Recorded data Start Marker

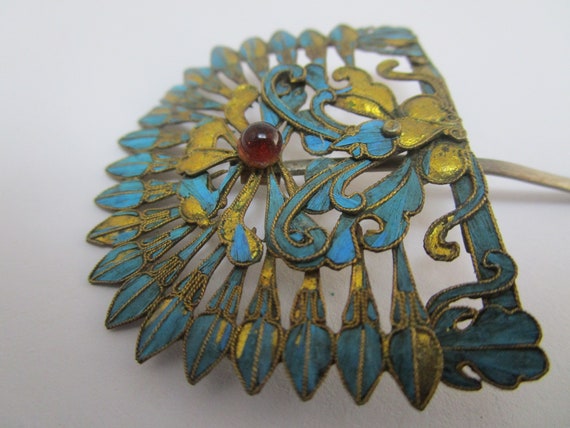 Chinese Qing Dynasty Kingfisher Feather Hair Pin … - image 2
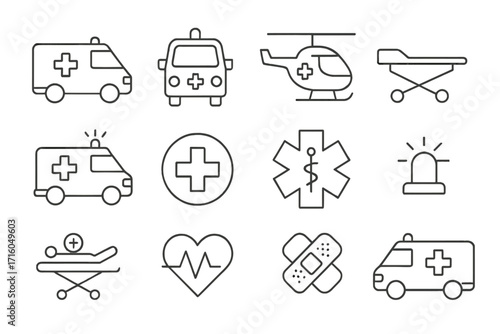 Emergency medical service icon set. Ambulance, helicopter, stretcher, star of life. First aid, hospital, paramedic care. Health, medicine, heartbeat editable stroke icons.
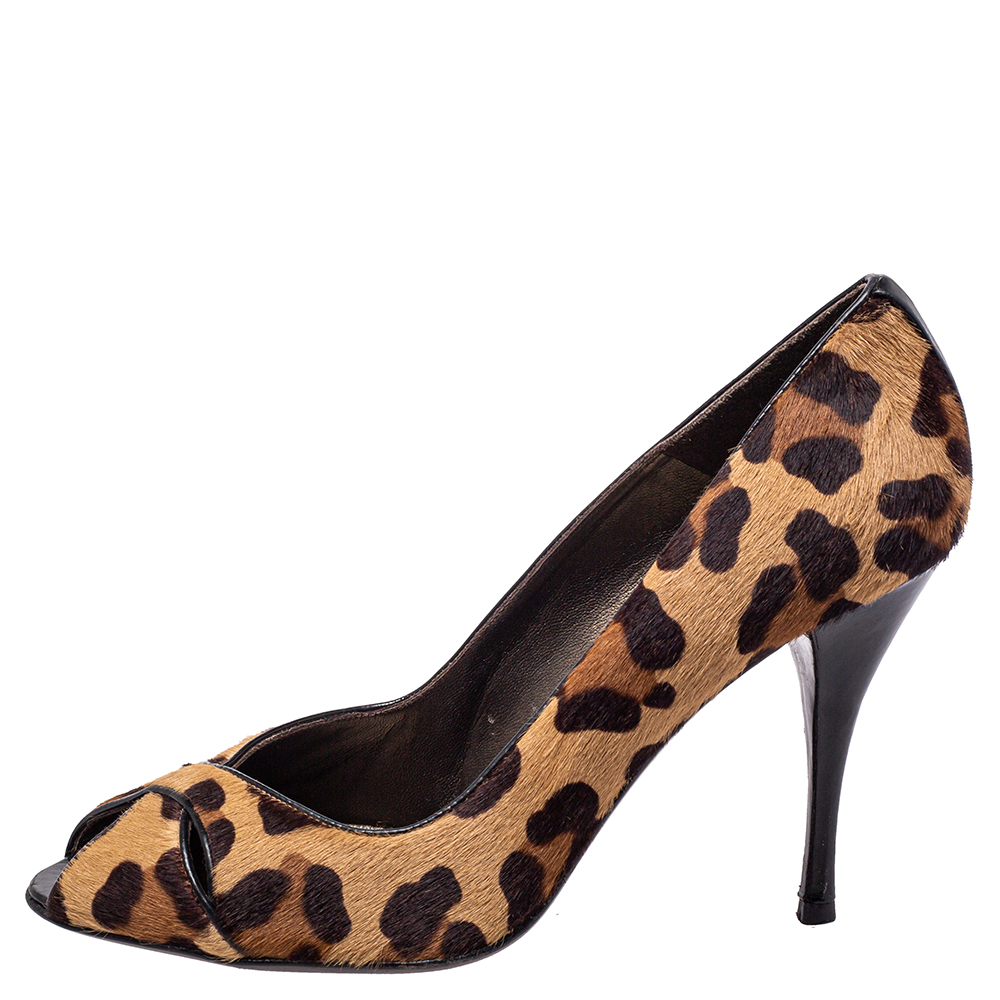 

Stuart Weitzman Beige/Brown Leopard Print Calf Hair Peep Toe Pumps Size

Recorded data End Marker

▶ _Requirement_:
Please return only the lines running from the line with "Emergency medical service" to the final line of the data, both included, exactly and without any pictures.

▶ _Solution to this task_:
 Emergency medical service icon set. Ambulance, helicopter, stretcher, star of life. First aid, hospital, paramedic care. Health, medicine, heartbeat editable stroke icons.

Stuart Weitzman Beige/Brown Leopard Print Calf Hair Peep Toe Pumps Size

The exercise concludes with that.